Some of the hosts also took aim at Republican politicians who have stood by Trump and his supporters as the president has continued to spew misinformation about the election that President-elect Joe Biden and Vice President-elect Kamala Harris won in November.

“Question for the Republican senators who helped foment this insurrection: Why did you run away?” Colbert said. “These are your peeps. They love you! Why don’t you hang out with your buddies Marsha Blackburn, Kelly Loeffler, Ron Johnson. … You can run all you want for the rest of your lives, but you can never escape the responsibility of what you brought upon American democracy today.”

“Some of Trumps enablers went, ‘Uh-oh, we better say something,'” Kimmel said on “Jimmy Kimmel Live.” “Ted Cruz tweeted, ‘Those storming the Capitol need to stop now.’ Right, it’s all fun and games till they burst into your office and come for your porno collection, right, Ted?”

Before signing off, Meyers echoed calls for Trump’s prompt dismissal. While the Capitol building was still under siege Wednesday, Rep. Ilhan Omar (D-Minn.) announced she was drawing up articles of impeachment for that very purpose.
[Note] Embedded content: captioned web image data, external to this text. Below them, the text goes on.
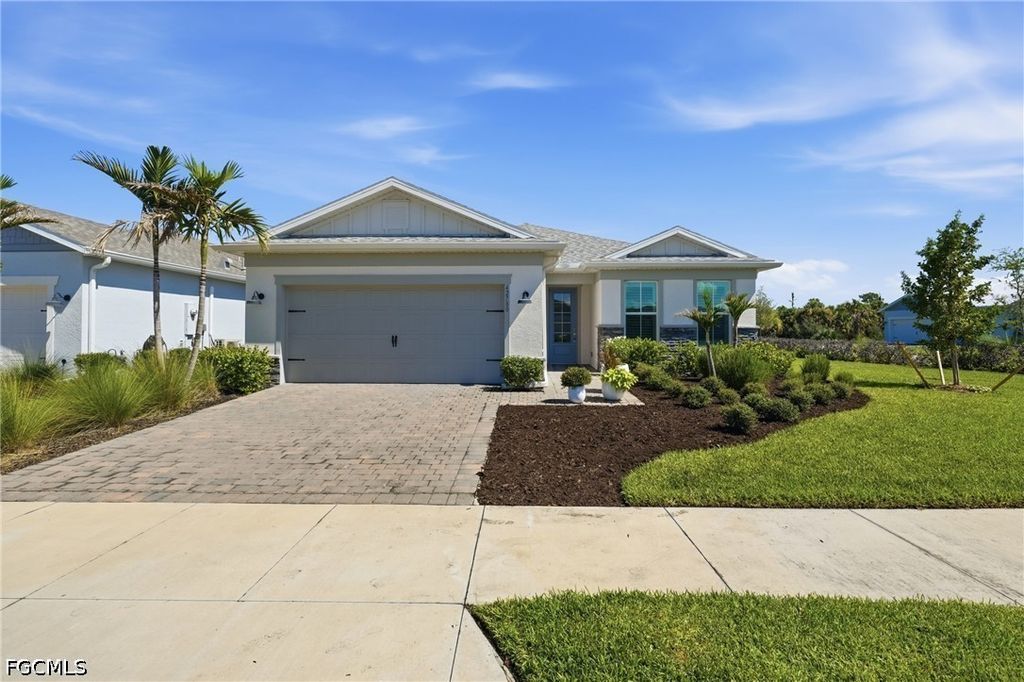 42780 Valley Brooks St, PUNTA GORDA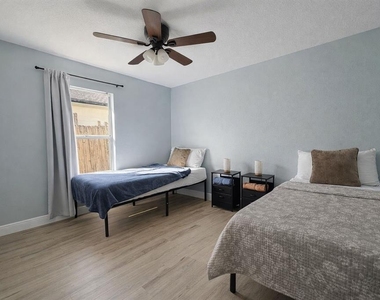 3517 Bishop Eddie Newkirk Way - Photo Thumbnail 11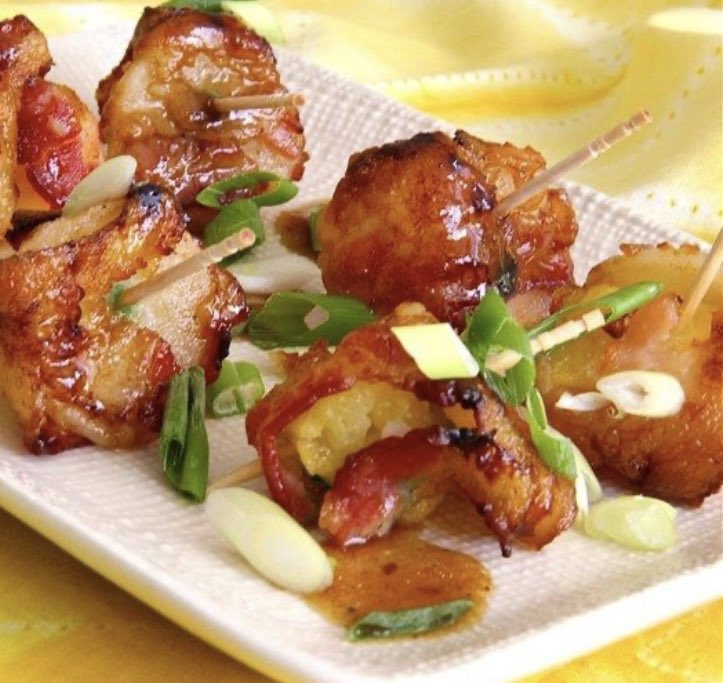 No more sleeps til the midwinter celebration! Come hungry to eat the delicious food being prepared. From rumakis and shrimp, English sandwiches and spanakopita, to French cheeses and charcuterie, we’ll travel the world while raising funds for enriching learning experiences!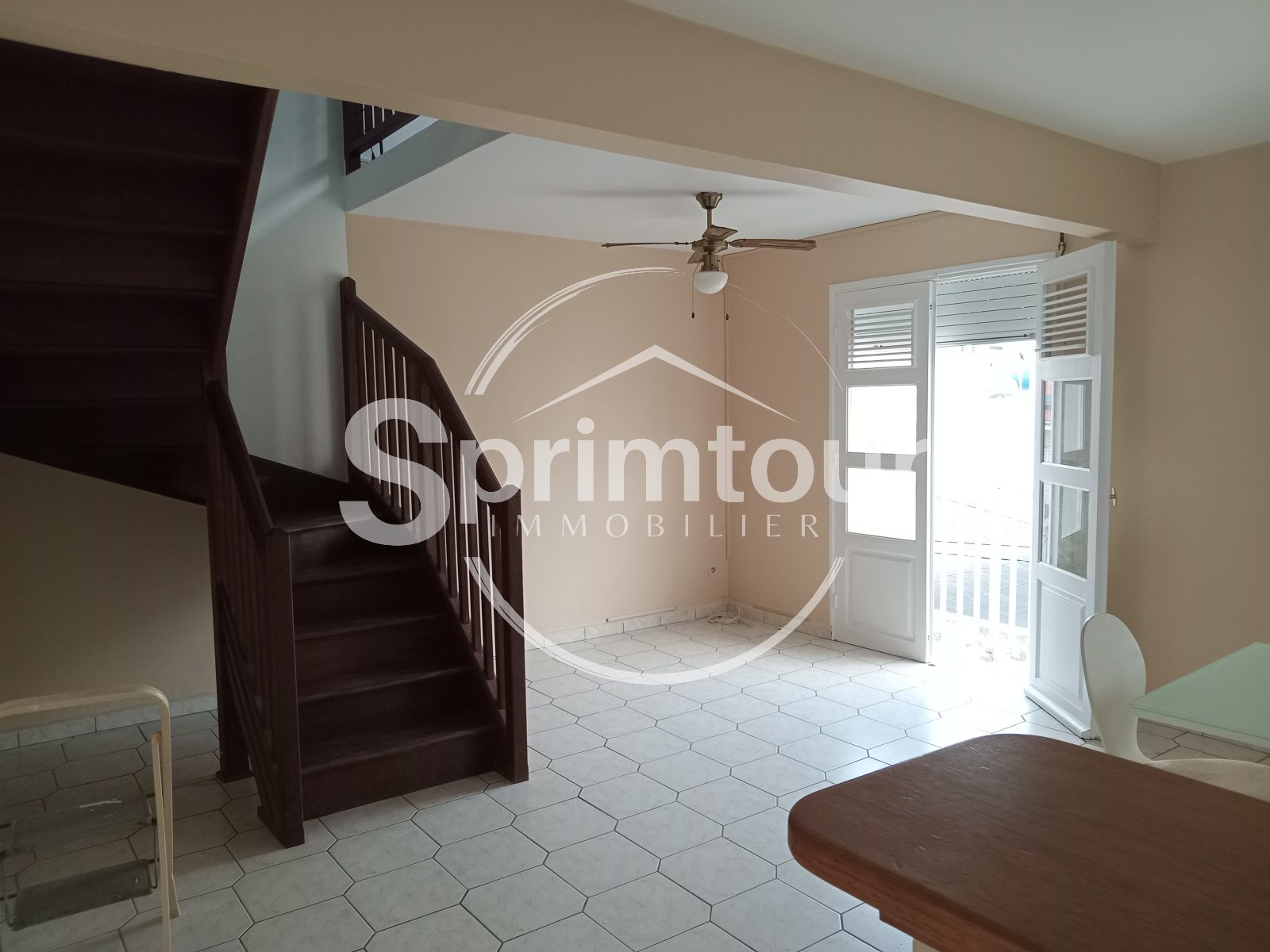 Appartement à louer, 65m², Le Moule
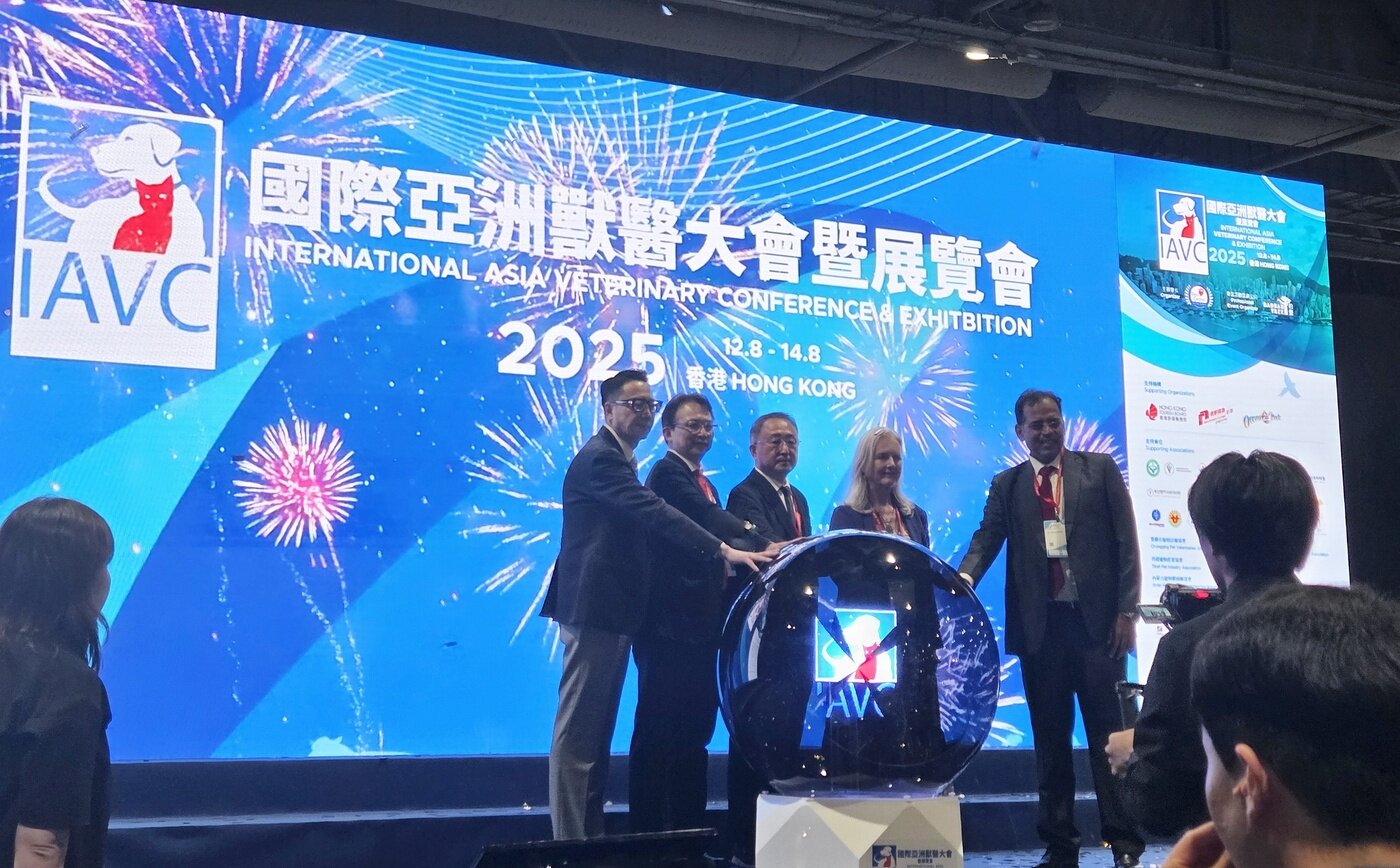 본문 이미지 - 정인성 FAVA 2024 조직위원장(로얄동물메디컬센터 대표원장)이 국제아시아수의학콘퍼런스 2025 개회식에서 축사 후 관계자들과 기념 사진을 찍고 있다(로얄동물메디컬센터 제공). ⓒ 뉴스1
“There must be consequences for stoking violence and sedition,” Meyers said. “Otherwise, we’re gonna see it again. And as for Trump, the only way our democracy will survive this harrowing moment is if he is immediately removed from office by either the Cabinet or the Congress and prosecuted. Anything less is tacit permission to continue to use his office and his influence.”

Trevor Noah’s “The Daily Show” also weighed in on the insurrection Wednesday live on Twitter, mocking Trump’s speech – as well as Fox News, which has earned a reputation for sympathizing with and amplifying the president’s bigotry over the past four years.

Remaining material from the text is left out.